## [DATA]

--------------------

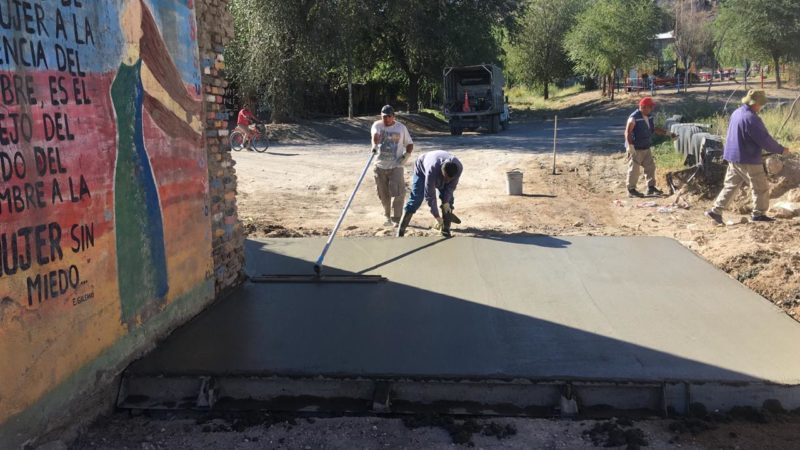 Se encuentra cortado uno de los accesos a barrio El Sauce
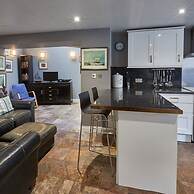 Host Stay Brunswick Cottage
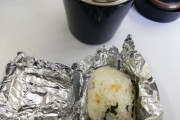 小さい頃、親の作ったおにぎりの包みが「アルミホイル」だった奴ｗｗｗｗ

--------------------

## [PROBLEM DESCRIPTION]
Could you print the listing above word for word, without its pictures?

## [EXERCISE RESPONSE]
 Se encuentra cortado uno de los accesos a barrio El Sauce
 Host Stay Brunswick Cottage
 小さい頃、親の作ったおにぎりの包みが「アルミホイル」だった奴ｗｗｗｗ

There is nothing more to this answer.